### Stored data

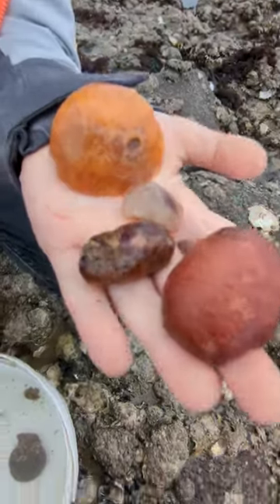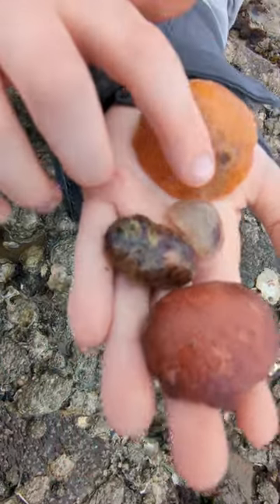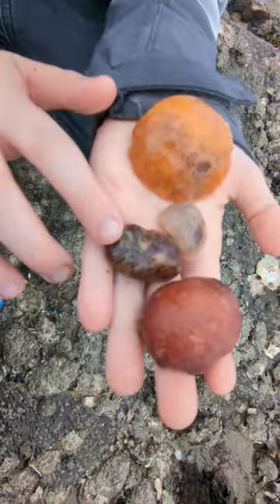We've found a few different types of sea lemon today. They've got an amazing variety of colour. Check out all the different colours. We've got orange, pinkish white, red and a mixed variety.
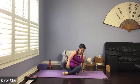Hello, welcome to Yoga with Katie. Today we're going to be doing a flow class. Let's start in a lying down position, so make your way to lie down on the yoga mat.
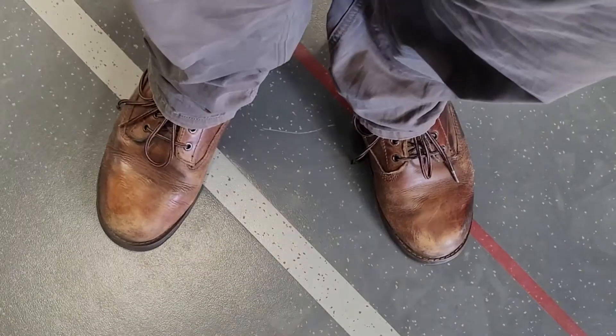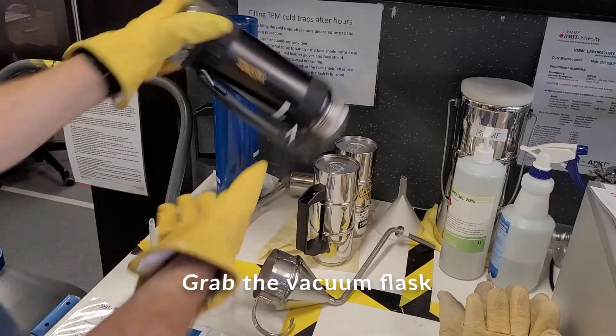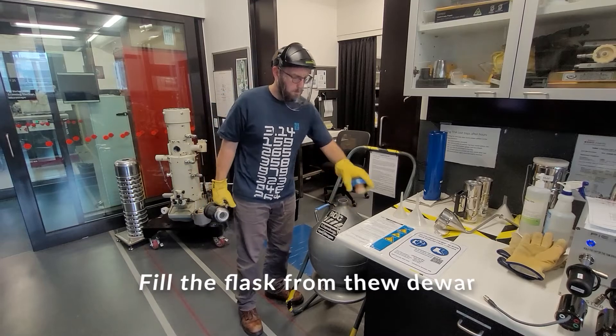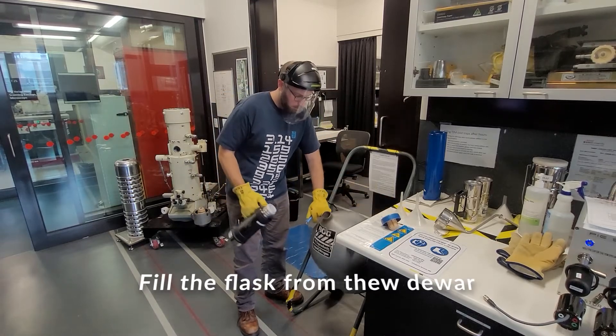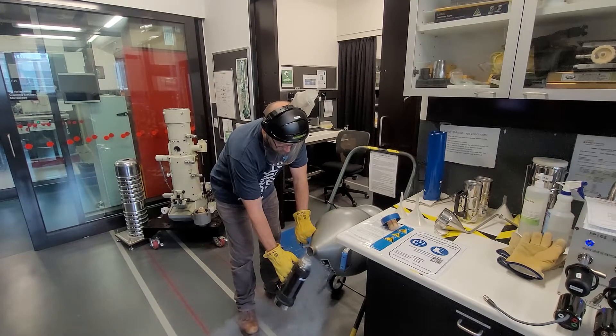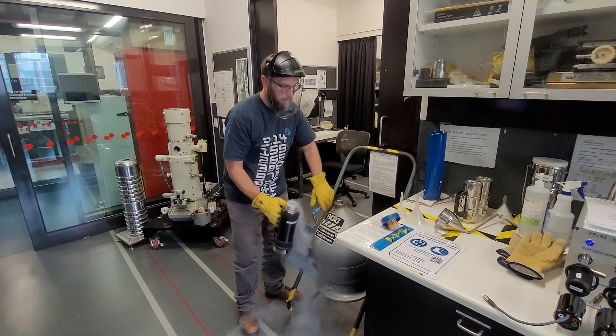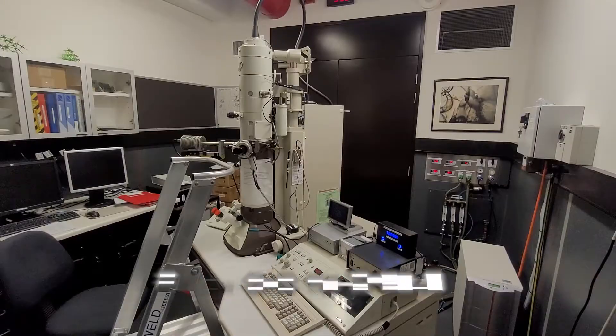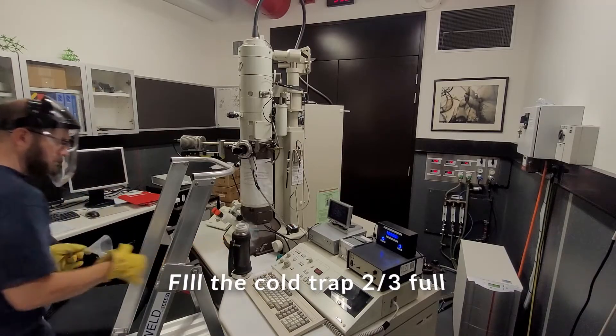Leather shoes are highly recommended. Grab a vacuum flask and seat it securely in your hand. Remove the cap and stand beside the dewar to fill the vacuum flask with liquid nitrogen. Replace the cap and grab the large funnel. Place the flask on the bench, then climb the ladder.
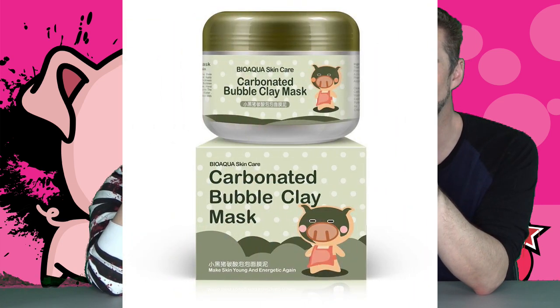Today we are doing the Little Black Pig bubble mask. What is this? This is the mask that foams up and makes it look like you're a zombie, I guess. It's supposed to be cleansing and rejuvenating. The more we say the title of this mask the more racist it sounds. It absorbs dirt and excess oil on the skin surface, soothes, cleanses, hydrates, moisturizes, and removes makeup. If this doesn't make a weird reaction on my skin, maybe I'll use it for makeup.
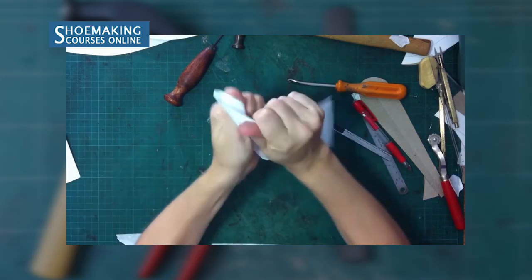In my opinion, this is one of the most important steps in shoemaking, and it will help you a lot in making your shoes and other footwear types. And this is the last two elastic.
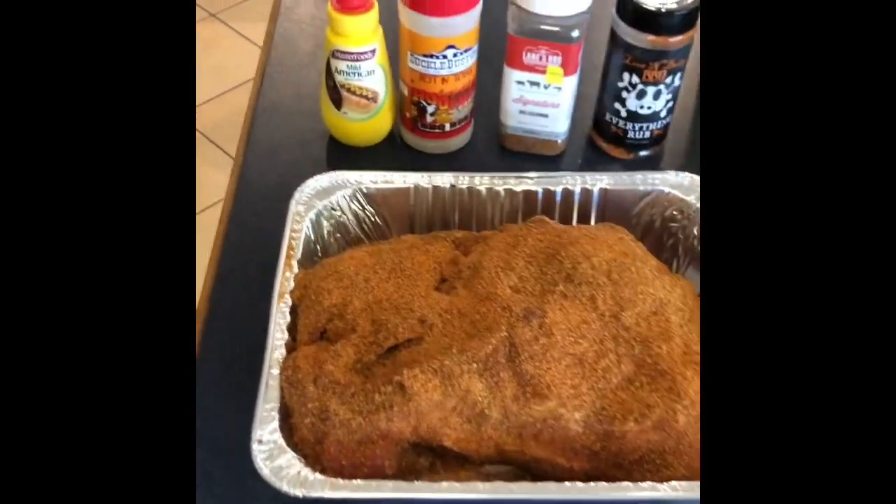Morning guys, welcome to Gravy Boat Cooking and Camping. Today, still stuck inside with the COVID-19 stuff, but I've got the smoker going out the back. I'm going to do a pulled pork, drop it over to some mates later on, leave it at their front door — no contact. I've got a big enough one to feed a couple of families, so let me show you what we've got here. This is the pulled pork.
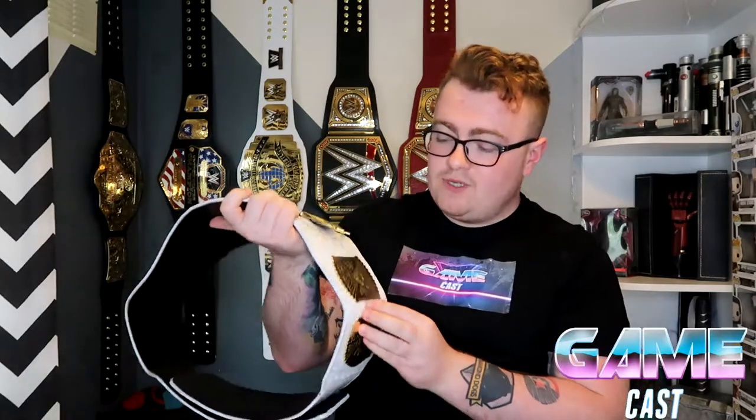This belt is a lot different to the other belts because it's actually a proper replica, whereas these titles are more in the commemorative range from WWE's official store. This one was made by a manufacturer in England where they do excellent copies of the real belts.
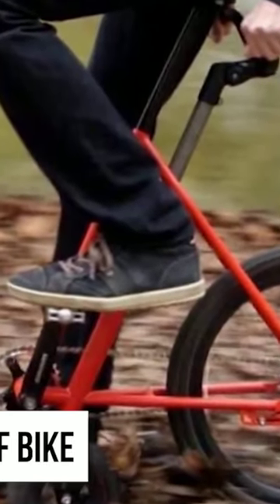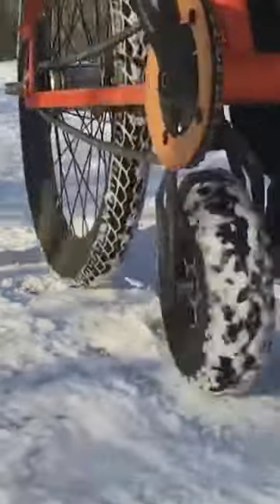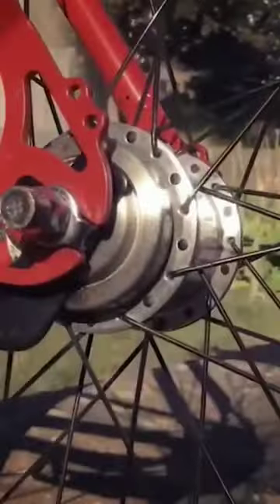The Halbrad Half Bike is certainly unique. It looks a lot like a unicycle, but is still technically a bicycle, thanks to a super small front wheel located just under the pedals. Your handlebars are located just underneath the seat, which does take some getting used to.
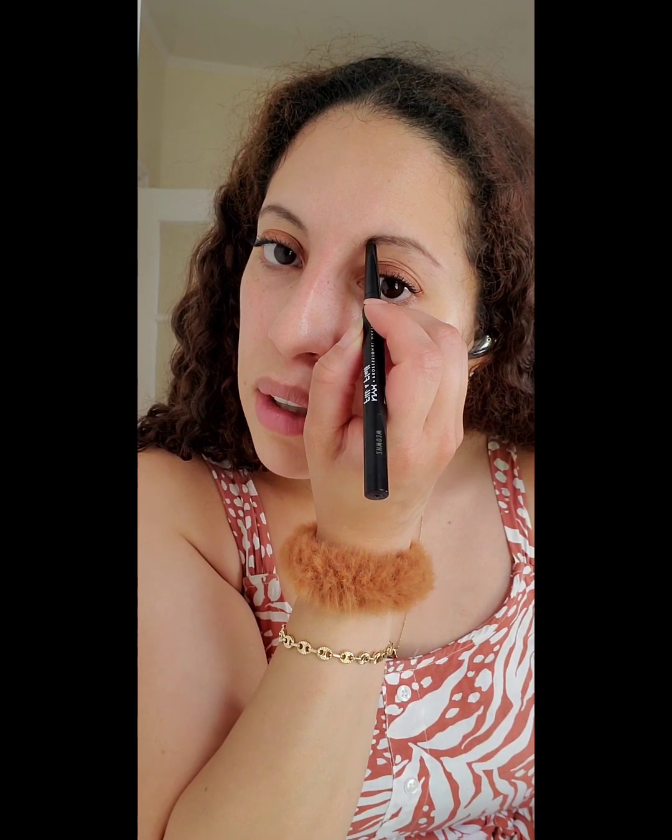We're going to fill in these eyebrows. I don't think I've ever told anyone this, but when I was younger I used to pluck my eyebrows a lot, so as I got older it left me with very little eyebrow. I don't like to do too thick of an eyebrow — I just like to do enough so my eyebrow has a nice round shape. Look how good that looks after you use the little brush on the other end — nice and blended in!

### Task brief
From the line holding "Hello, welcome to" to the line holding "Leather shoes are", both included, retype the entries above exactly and drop the pictures.

### Completed task
Hello, welcome to Yoga with Katie. Today we're going to be doing a flow class. Let's start in a lying down position, so make your way to lie down on the yoga mat.
Leather shoes are highly recommended. Grab a vacuum flask and seat it securely in your hand. Remove the cap and stand beside the dewar to fill the vacuum flask with liquid nitrogen. Replace the cap and grab the large funnel. Place the flask on the bench, then climb the ladder.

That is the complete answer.